Which lines of the entries contain the word "tide"? Please list them.

════════════════════

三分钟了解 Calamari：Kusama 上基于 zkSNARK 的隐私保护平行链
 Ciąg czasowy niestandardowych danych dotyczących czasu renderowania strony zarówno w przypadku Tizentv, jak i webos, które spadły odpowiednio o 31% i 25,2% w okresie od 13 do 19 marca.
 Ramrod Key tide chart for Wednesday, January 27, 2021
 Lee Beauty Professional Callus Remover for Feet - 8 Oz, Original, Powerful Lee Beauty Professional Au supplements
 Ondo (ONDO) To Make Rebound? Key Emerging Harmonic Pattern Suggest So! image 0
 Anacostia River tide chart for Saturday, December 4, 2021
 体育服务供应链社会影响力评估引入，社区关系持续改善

════════════════════

### OUTPUT BELOW
 Ramrod Key tide chart for Wednesday, January 27, 2021
 Anacostia River tide chart for Saturday, December 4, 2021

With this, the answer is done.